■ **SOURCE RECORDS**
========================

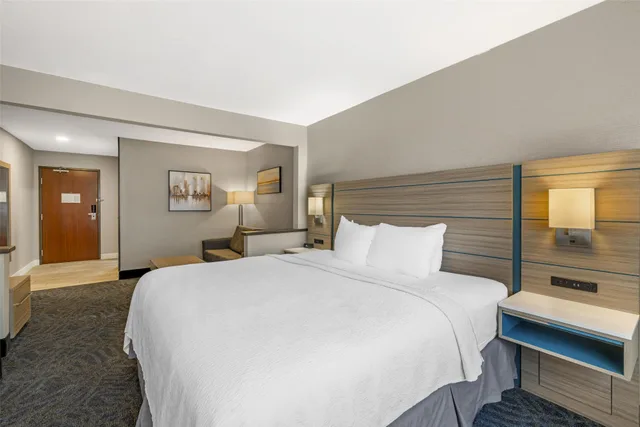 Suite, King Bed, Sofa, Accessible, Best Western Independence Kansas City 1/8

========================

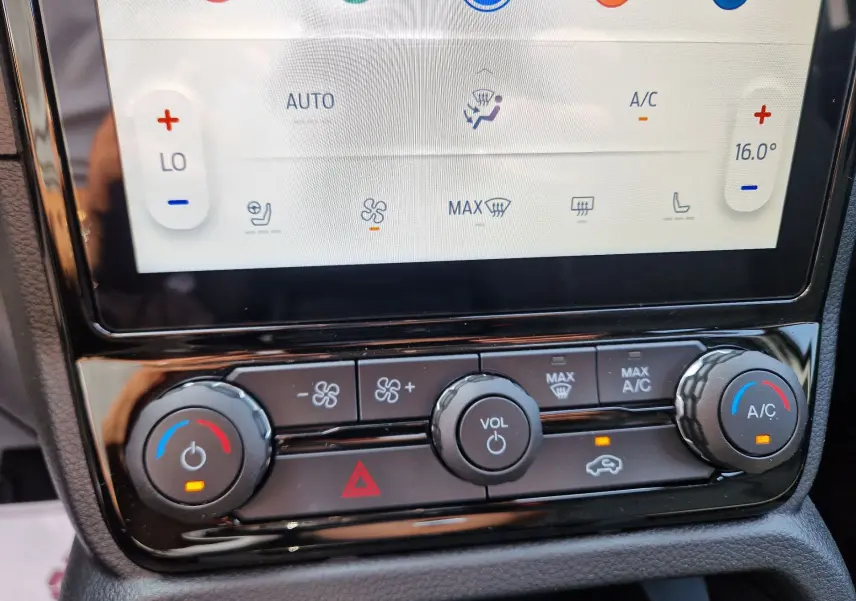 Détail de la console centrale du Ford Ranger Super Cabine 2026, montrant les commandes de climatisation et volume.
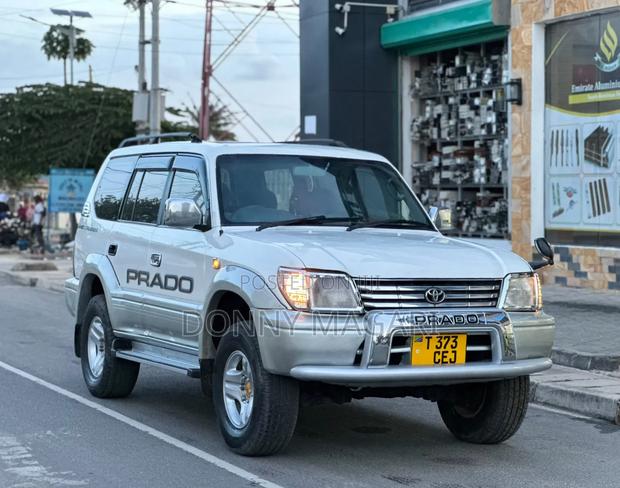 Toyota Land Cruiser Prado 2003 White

========================

■ **AIM OF THE EXERCISE**
Print exactly the lines above that run from the one with "Détail de la" to the one with "Toyota Land Cruiser Prado 2003 White", both included. No pictures.

■ **RESPONSE**
 Détail de la console centrale du Ford Ranger Super Cabine 2026, montrant les commandes de climatisation et volume.
 Toyota Land Cruiser Prado 2003 White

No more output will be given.